I don't read much fiction anymore. I can't suspend my belief when I think I'm being lied to....conned. So I scour the aisles for good non-fiction: from biography to True Crime. Where the hard edged characters hang out. So I'm in Santa Fe, at a small book store, and find an odd new book called "Hubert's Freaks." It's about the old Freak Show that used to be in Times Square, NYC. Lenny Bruce did a bit on it and Tiny Tim performed there. The book is by a guy named Gregory Gibson, and it's more deeply about a trunk full of Diane Arbus photos found in a storage bin by a book dealer. Good read if you're into Diane Arbus. She took photos like I used to write songs. Sorta twisted. I liked the book so much I bought the other two books the guy wrote. I just finished one of those. It's called "Goneboy: A Walkabout," and it's tragic, moving, and damn good. Gregory Gibson's son was shot and killed in a campus lunatic rubout in 1992, very similar to the recent Norfolk, Virginia shootings. The author digs deep and finds out everything he can about the circumstances, the murder weapon, and the Chinese kid who did the shootings. It's a dark pilgrimage that leads to a rather rugged form of catharsis. I admire the honesty and the conclusions he draws about guns. No simple solutions. The real villians here are the insensitive idiots who run Universities and have no clue how to relate to all the cut-off, psycho bent loners who populate the dormitories of academia. It's gonna happen again and again. I've been inside a maximum security institution, and in a cage with hand-raised wolverines, but dorms and student unions of college campuses have a scarier vibe. Death on the installment plan. Fear in 100 dollar running shoes.

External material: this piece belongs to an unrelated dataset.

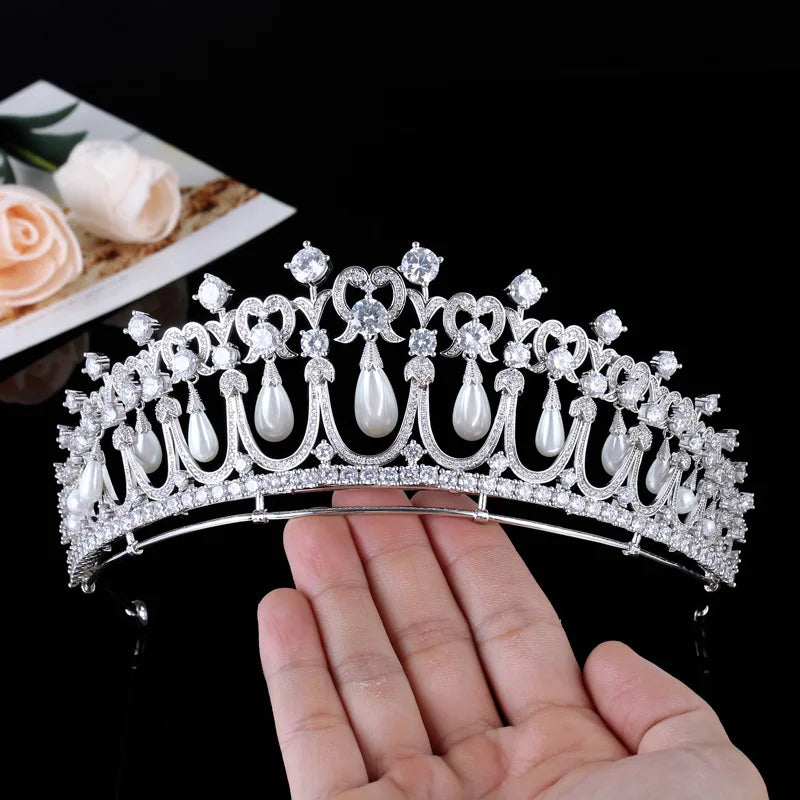 Luxury  Zirconia Crown Accessories Princess  Crystal Queens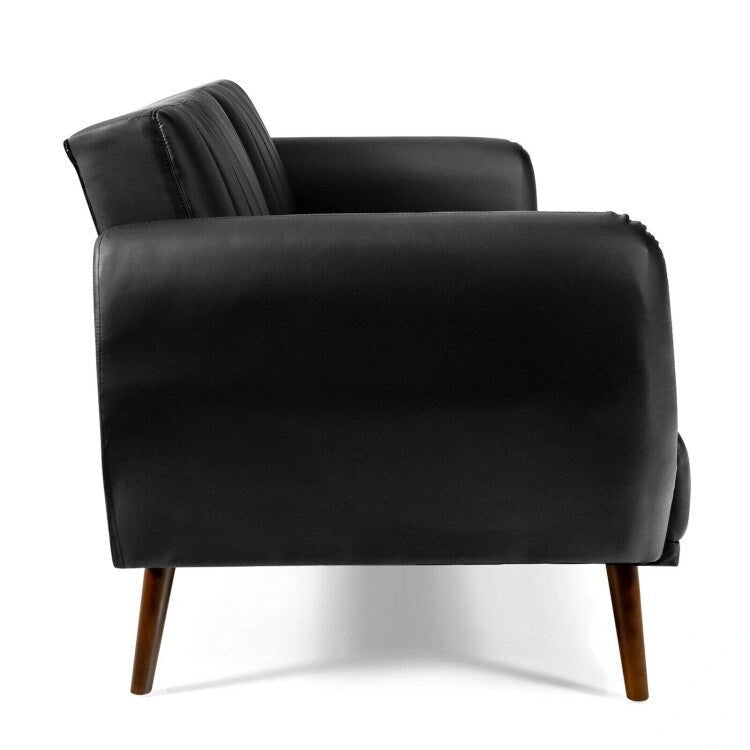 Canapé-lit futon convertible en similicuir PU noir avec dossier divisé réglable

The third book is about a mutiny on a whaling ship - I'm sure it's just as good. This guy Gibson seems to have wide tastes (he's a book dealer himself in Gloucester, Mass.) and he writes an honest sentence full of real emotion. Revolutionary act these days. We are a nation of zombies lining up at chain stores to be fed non-dairy creamer. Check out "Goneboy" and take it with you next time you leave the house.
You know what my mom said: "the secret to life is: never leave the house without a good book. Wherever you're headed, it's bound to be boring. Arm yourself with literature."
Your reporter.
In the trecnches of blood and dust. El Paso.